With regard to juridical conditions, what is certain is that the move towards a federal structure of government of the multitudes of Europe cannot cease to be the central aim in this constituent phase. We are supporters of a constituent power that creates a federation in Europe. We are supporters of laying the foundations and setting the aim of a federal order that gathers, mobilizes and consolidates the civil, economic and moral interests of the citizens of each of the States, in a community of Europeans that also recognizes the European citizenship of citizens of second and third category, that is, the migrants who are EU and non-EU citizens. We know that to “federalize” is difficult because, in the current phase, it requires the destruction of the oligarchies of the European government and therefore those of the parties of each of the countries of the Union.
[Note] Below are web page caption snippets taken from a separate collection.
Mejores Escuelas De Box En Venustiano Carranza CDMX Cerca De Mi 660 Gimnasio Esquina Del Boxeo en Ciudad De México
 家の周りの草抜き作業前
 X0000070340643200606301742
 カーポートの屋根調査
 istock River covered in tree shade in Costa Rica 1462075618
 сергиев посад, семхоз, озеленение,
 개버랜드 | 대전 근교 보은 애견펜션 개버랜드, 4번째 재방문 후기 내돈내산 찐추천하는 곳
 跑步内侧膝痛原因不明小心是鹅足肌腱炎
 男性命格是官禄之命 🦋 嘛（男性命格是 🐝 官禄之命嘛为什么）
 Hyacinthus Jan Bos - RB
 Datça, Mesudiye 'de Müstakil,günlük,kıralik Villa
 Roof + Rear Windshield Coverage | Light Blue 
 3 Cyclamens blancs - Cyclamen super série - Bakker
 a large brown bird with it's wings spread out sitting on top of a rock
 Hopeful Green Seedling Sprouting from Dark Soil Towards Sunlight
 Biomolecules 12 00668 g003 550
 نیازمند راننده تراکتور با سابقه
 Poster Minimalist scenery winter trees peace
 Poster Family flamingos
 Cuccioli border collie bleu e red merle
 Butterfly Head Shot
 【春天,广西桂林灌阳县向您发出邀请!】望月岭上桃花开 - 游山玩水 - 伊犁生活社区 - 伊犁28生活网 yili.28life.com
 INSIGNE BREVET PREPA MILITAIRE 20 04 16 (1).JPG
But the federation can construct itself despite these obstacles if we remember that we are dealing not only with a matter of a unity of States, of different political-economic configurations, but that it is the process within which a new history of Europe (beyond the wars of the past) and the virtues of those who today can be capable (of a wealth of cognitive labor and of care labor, productive of economic and civil innovation) are revealed.
But above all we must insist on the fact that, based on the degree the political and social struggles, the new class struggles, the social organization of work and the capitalist extraction of wealth have attained, European unity and federalism cannot create an untouchable juridical machine that reproduces the current class differences. It cannot be the game in which everything changes in order for nobody to change, as was the case in the European transitions from Fascism to democracy in the postwar eras as well as in the 80s in the Spanish transición. We want a constitution that demands, from above, a governance of liberties; from below, from the multitudes, an exercise of egalitarian management in production and in the redistribution of wealth. In recent years we have watched the formation of new democratic constitutions in Latin America that combine the pluralism of the subjects with very effective dispositives of economic reform, and which created new social solidarities animated by an irresistible sense of equality. It is not a matter of imitating these experiences or discussing their success. It is a matter of creating and promoting a democratic dynamic that is capable of winning in the field of a federal constitution based in the common. It is a matter of spreading and putting into practice a capacity of constructing social political enterprises that combine liberty and wealth. It is a matter of definitively eliminating any sense of threatening identity, which (always) produces nothing but nationalisms or suicide democracies in their oligarchic kind of reproduction. It is a matter of constructing a just and united Europe. Unfortunately, there is no alternative. The democratic eruptions of the multitudes in Greece, in Spain and later the success of Syriza and the hope of Podemos are, from this perspective, no more than a beginning, an occasion to seize with courage and intelligence.